Re: Apache Flink 1.1.4 - Gelly - LocalClusteringCoefficient - Returning values above 1?

Posted by Miguel Coimbra <mi...@gmail.com>.
Hello Vasia and Greg,

Thank you for the feedback!

I am probably misusing the Gelly API in some way, but I thought I could run
the undirected version after calling getUndirected()?
While not going into the concept of local clustering coefficients, I
thought that from a Gelly API point-of-view, both my code and data set were
properly established.
However:
- I believe that the graph was already undirected;
- I am getting NaN results after executing the algorithm.

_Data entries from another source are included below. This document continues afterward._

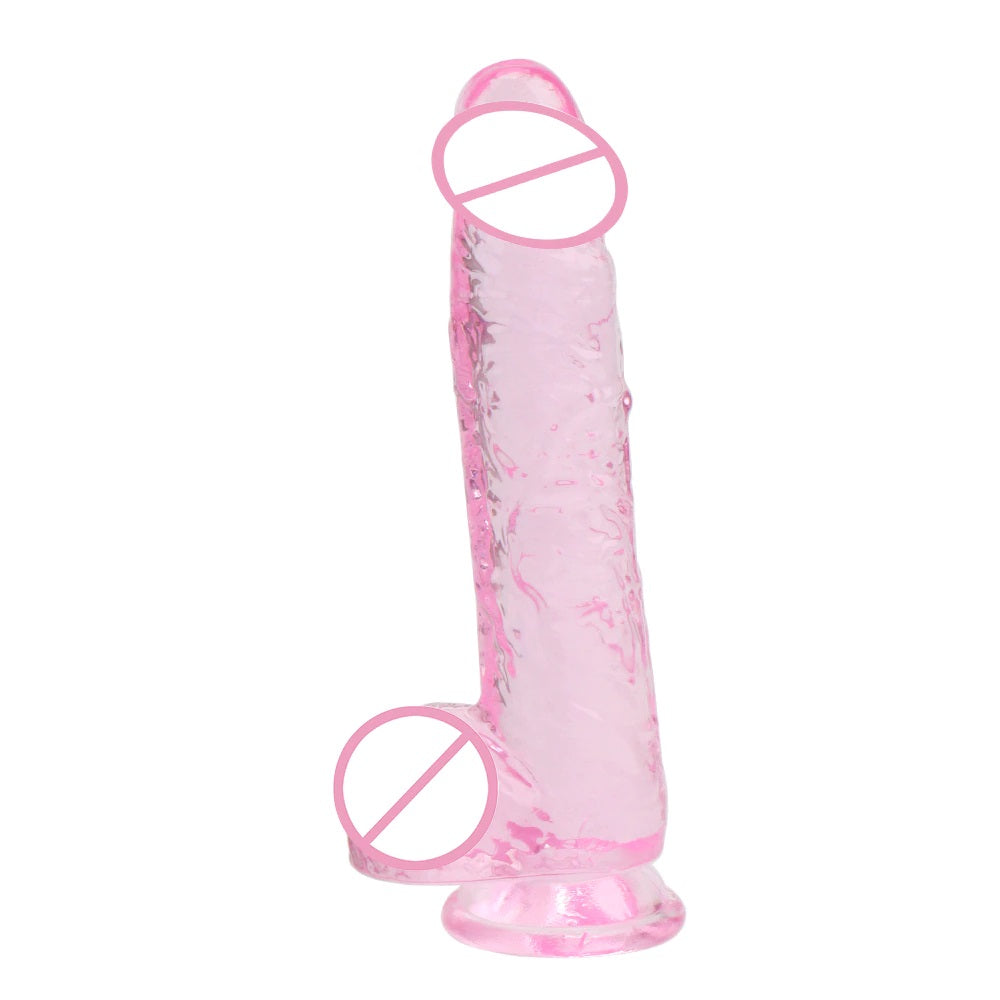 Dildo - Consolador | 14.8cm / 2.7cm | Con Testículos | Transparente / Rosado / Morado | Silicona | CJS-CO-17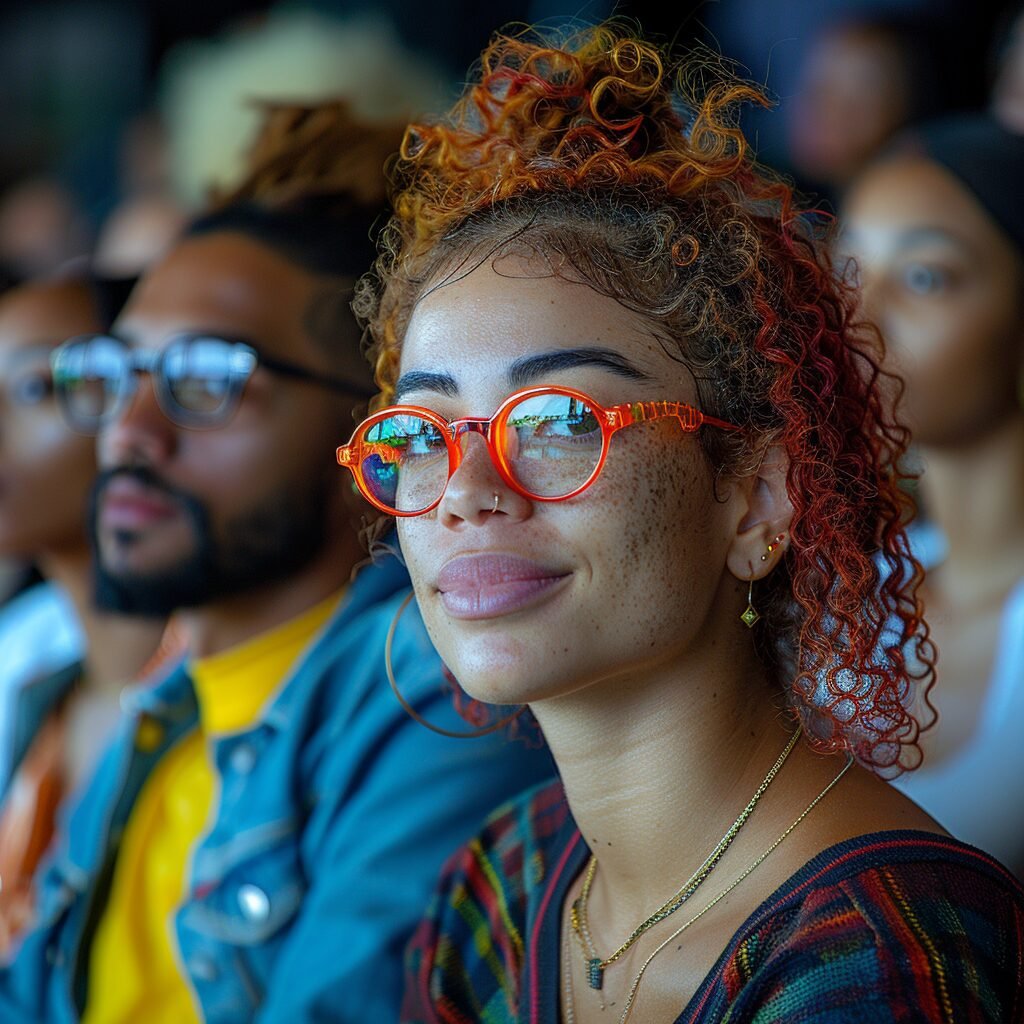 A young woman, with adorable, reddish-brown curly hair styled in a bun, is the star of this picture. She's wearing super cool, bright orange-tinted glasses that look like they're straight out of an anime. Her skin has lovely little freckles sprinkled across it. She's wearing a statement necklace and large hoop earrings, and a lovely patterned top. She looks thoughtful and happy, like she's enjoying something. The background is a bit blurry, but you can see other people, also looking interested. It's a nice, cozy scene, like a concert or a gathering of friends.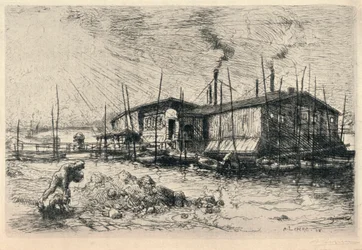 Vieux bateaux-lavoirs à Grenelle
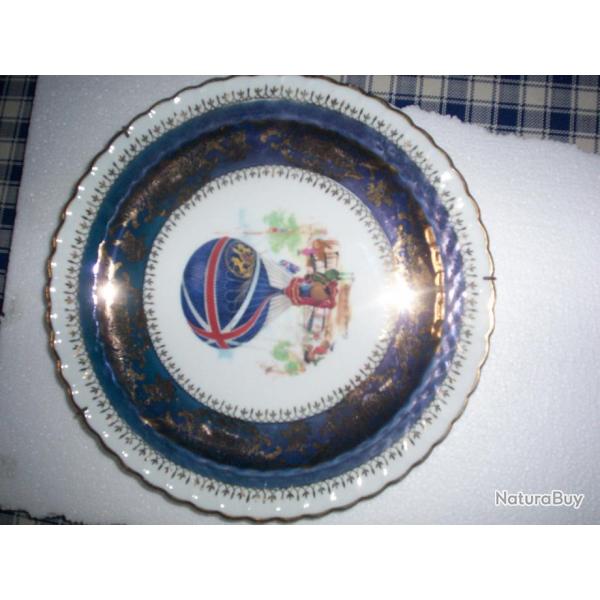 Assiette au ballon , superbe montgolfi�re. ballon de lunardi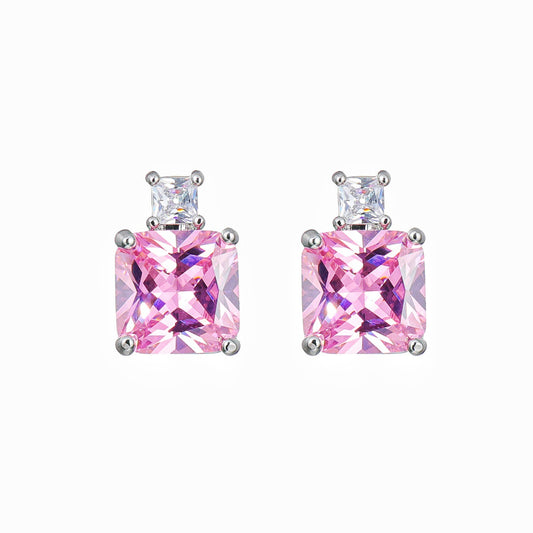 Style Fashionable Square Blue Pointed Zircon Red Earrings
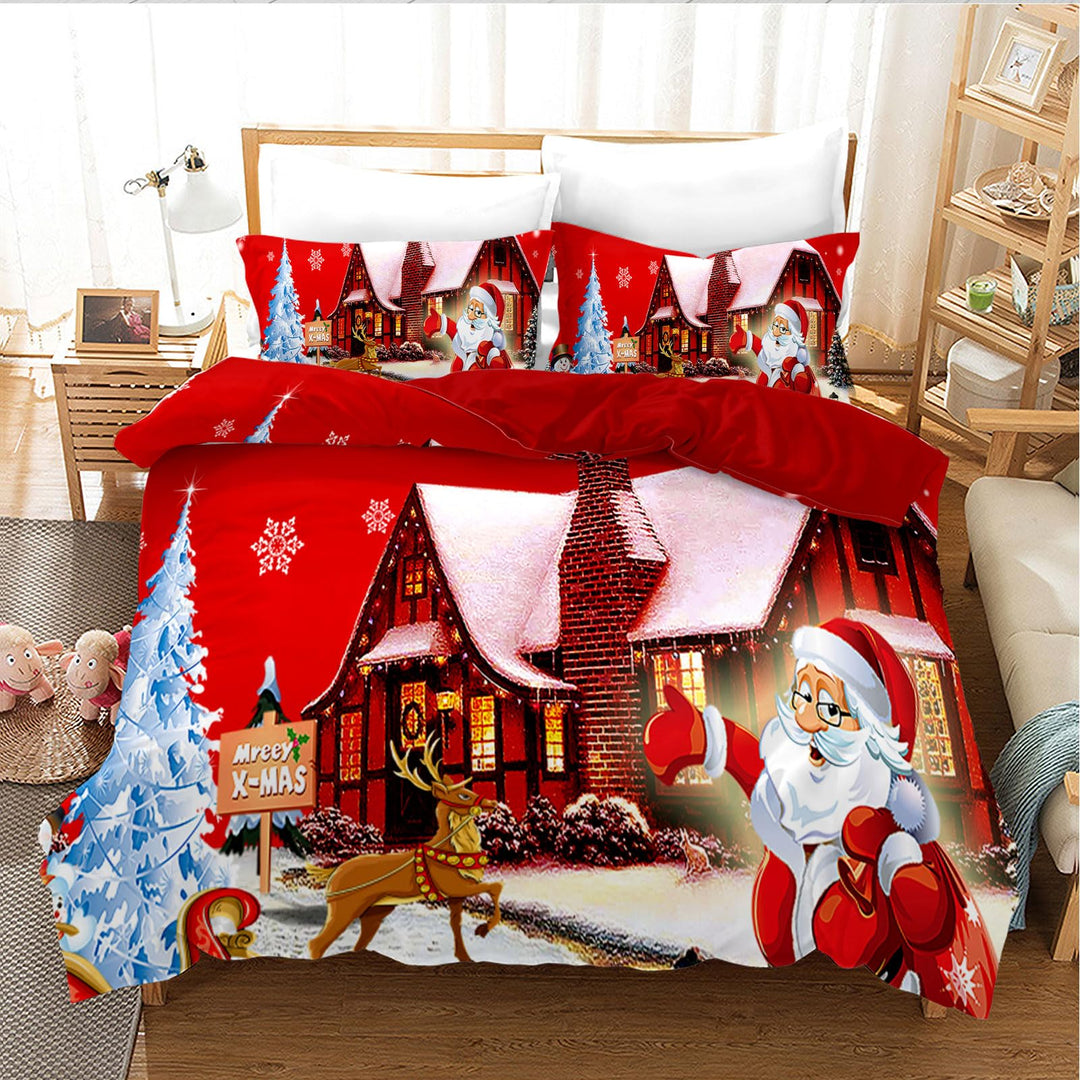 UGZDEA Weihnachts Bettwäsche Set 200x200cm, 3D Christmas Bettwäsche-Set Mit 2 Kissenbezügen, Weihnac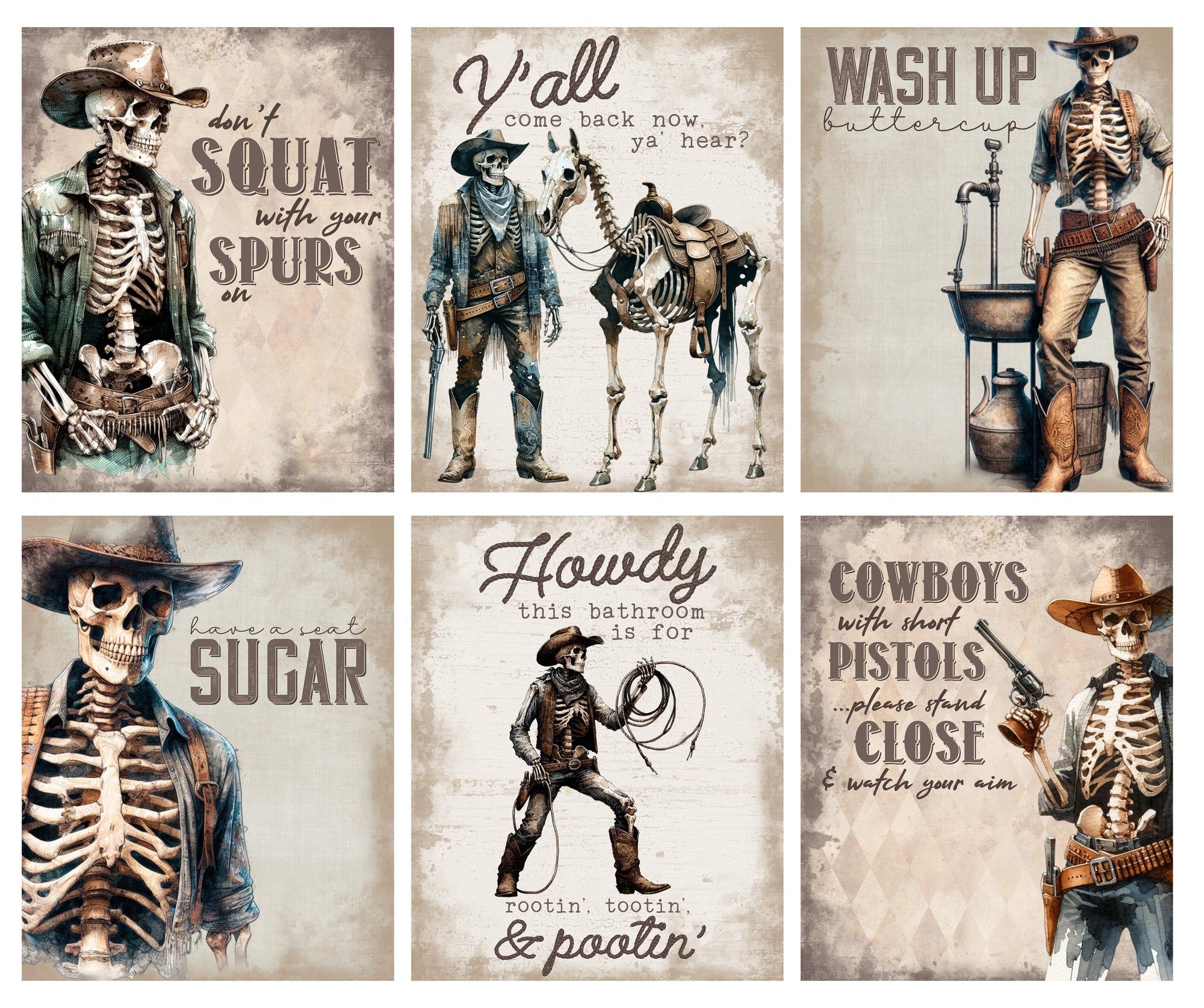 Wash Up Buttercup - Funny Skeleton Western Themed Wall Art Prints (Set of 6) 8x10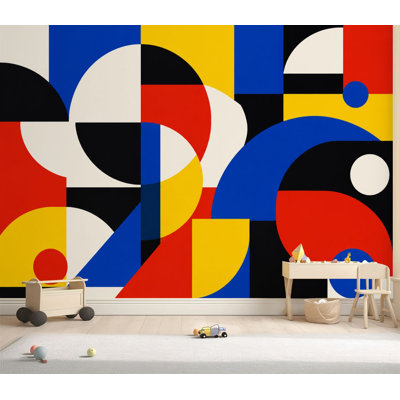 Wall Mural Peel and Stick Wallpaper Abstract Geometric Art Bold Shapes Blue Red Yellow Black White Self-Adhesive Removable Contact Paper Wall Decor for Living Room Bedroom 69"H x 96"W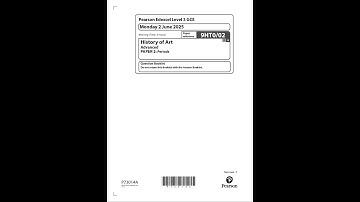 2025 Pearson EDEXCEL A Level History Of Art Paper 2 9ht0 02 Periods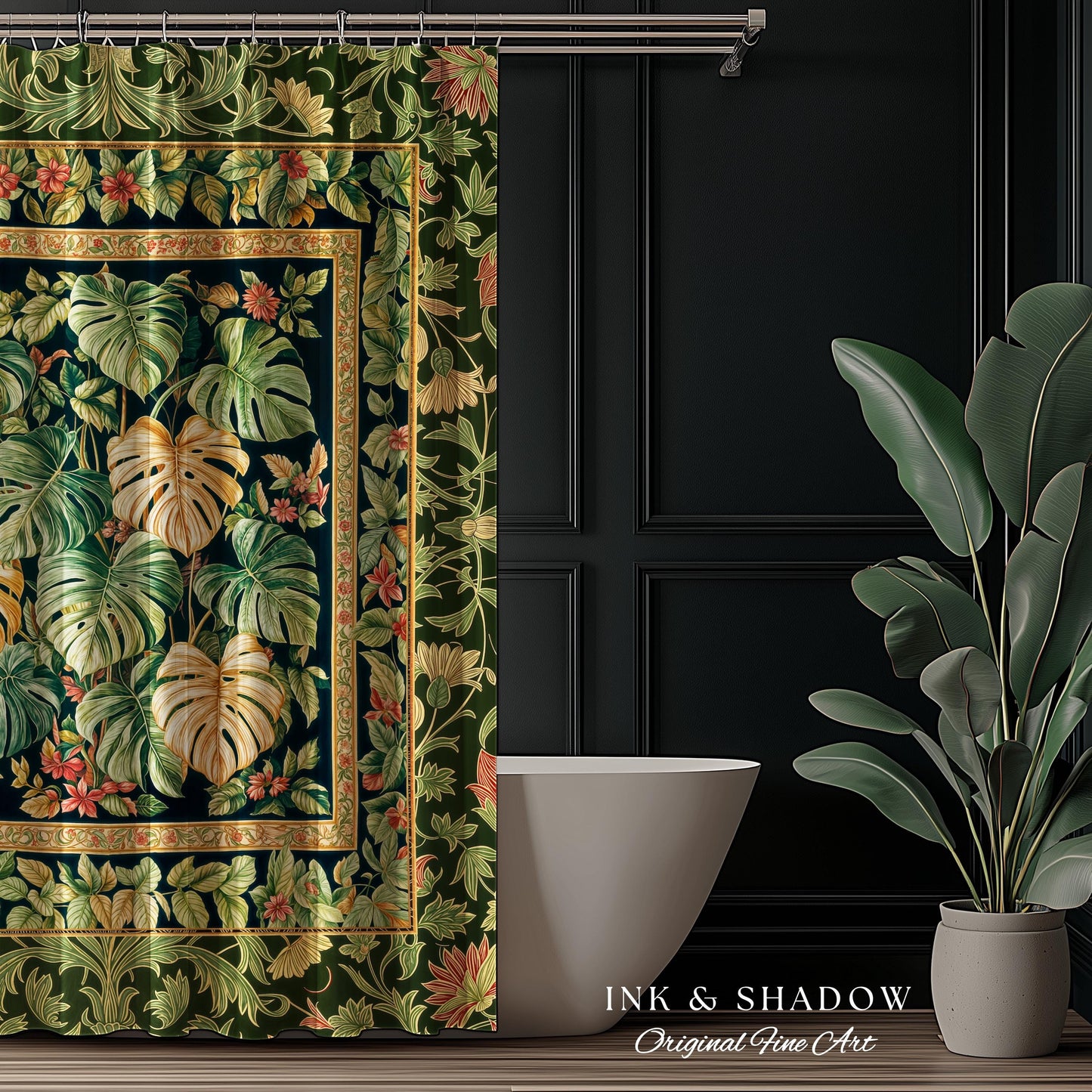 Eclectic Maximalist Monstera Shower Curtain | Dark Floral Houseplant Lover Botanical Whimsical Bathroom Tropical Aesthetic Housewarming Gift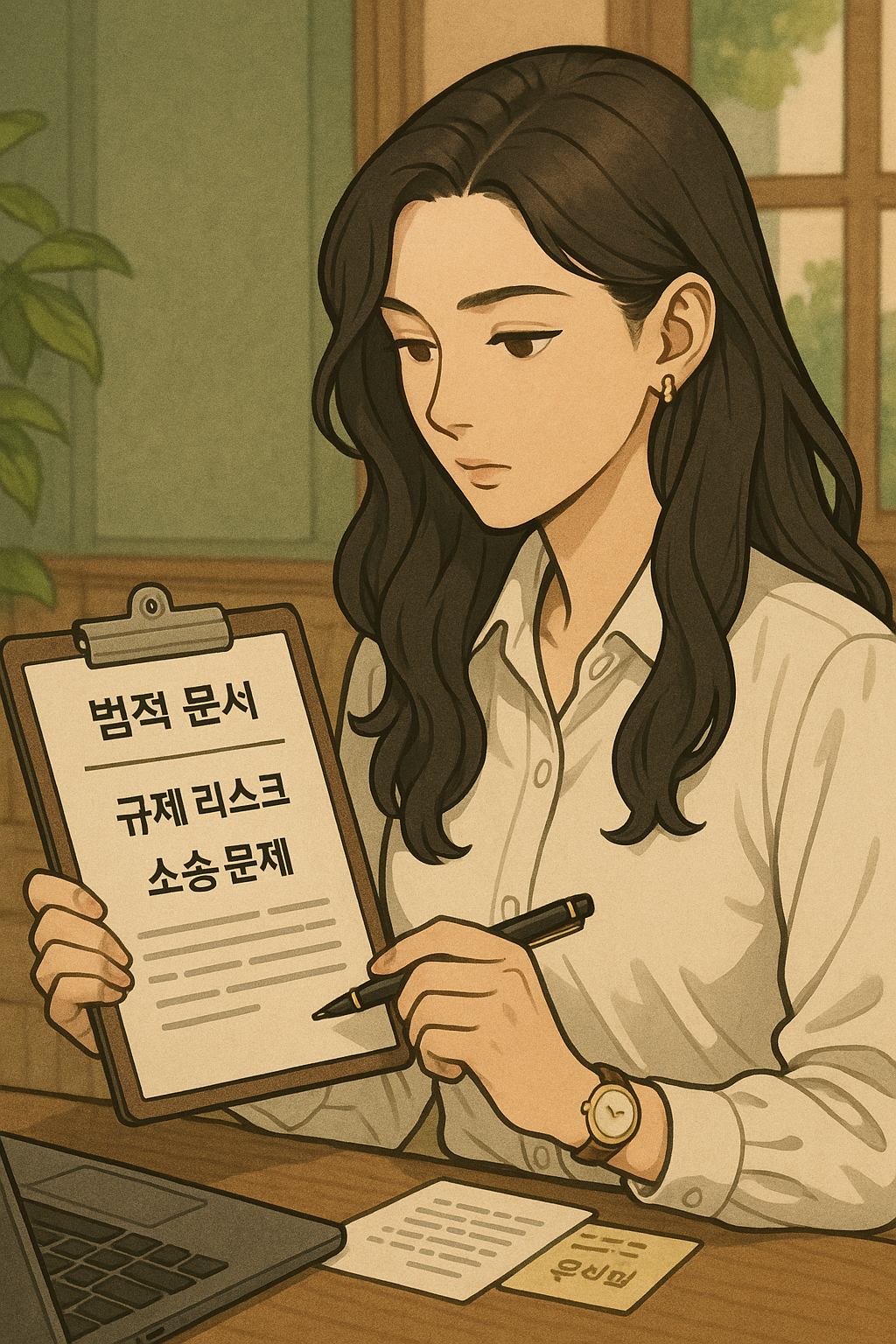 “코인의 규제 리스크와 소송 상황을 점검하는 장면”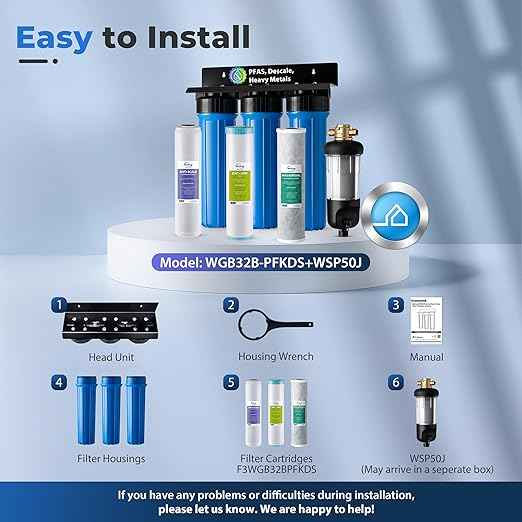 iSpring Whole House Water Filter System Ultimate PFAS Scale and Heavy Metals Protection Removes Up to 99% PFOA & PFOS with SGS-Tested Media, Jumbo Spin-Down Sediment Filter Model: WGB32B-PFKDS+WSP50J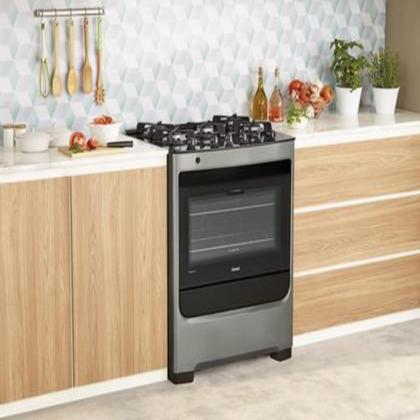 Imagem de Fogão Consul 5 Bocas Com Mesa De Vidro e Trempe De ferro fundido Inox CFS5VAR Bivolt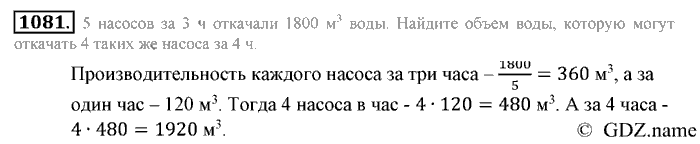 Математика, 6 класс, Зубарева, Мордкович, 2005-2012, §37. Разные задачи Задание: 1081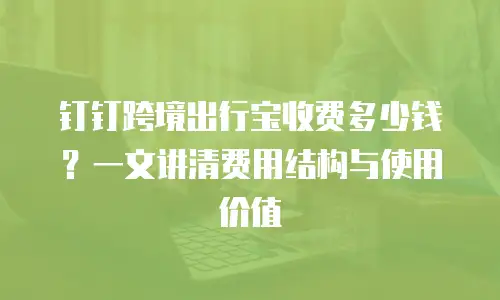 钉钉跨境出行宝收费多少钱？一文讲清费用结构与使用价值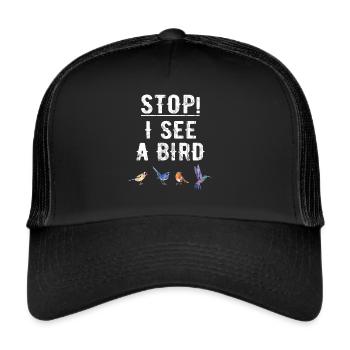 Birds Watching Binoculars Bird Illustration Saying - Trucker Cap - black/black - Front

This is the code I am using to obtain an (undirected) graph instance upon
which I call LocalClusteringCoefficient:


import
org.apache.flink.graph.library.clustering.undirected.LocalClusteringCoefficient.Result;
import
org.apache.flink.graph.library.clustering.undirected.LocalClusteringCoefficient;
/** other imports and method definitions **/

// Generate edge tuples from the input file.
final DataSet<Tuple2<LongValue, LongValue>> edgeTuples =
env.readCsvFile(inputPath)
    .fieldDelimiter("\t") // node IDs are separated by spaces
    .ignoreComments("#")  // comments start with "%"
    .types(LongValue.class, LongValue.class);

// Generate actual Edge<Long, Double> instances.
@SuppressWarnings("serial")
final DataSet<Edge<LongValue, Double>> edges = edgeTuples.map(
    new MapFunction<Tuple2<LongValue, LongValue>, Edge<LongValue,
Double>>() {
        @Override
        public Edge<LongValue, Double> map(Tuple2<LongValue, LongValue>
arg0) throws Exception {
            return new Edge<LongValue, Double>(arg0.f0,  arg0.f1, 1.0d);
        }
    });

// Generate the basic graph.
@SuppressWarnings("serial")
final Graph<LongValue, Double, Double> graph = Graph.fromDataSet(
    edges,
    new MapFunction<LongValue, Double>() {
        @Override
        public Double map(LongValue arg0) throws Exception {
            // For testing purposes, just setting each vertex value to 1.0.
            return 1.0;
        }
    },
    env).*getUndirected(*);

// Execute the LocalClusteringCoefficient algorithm.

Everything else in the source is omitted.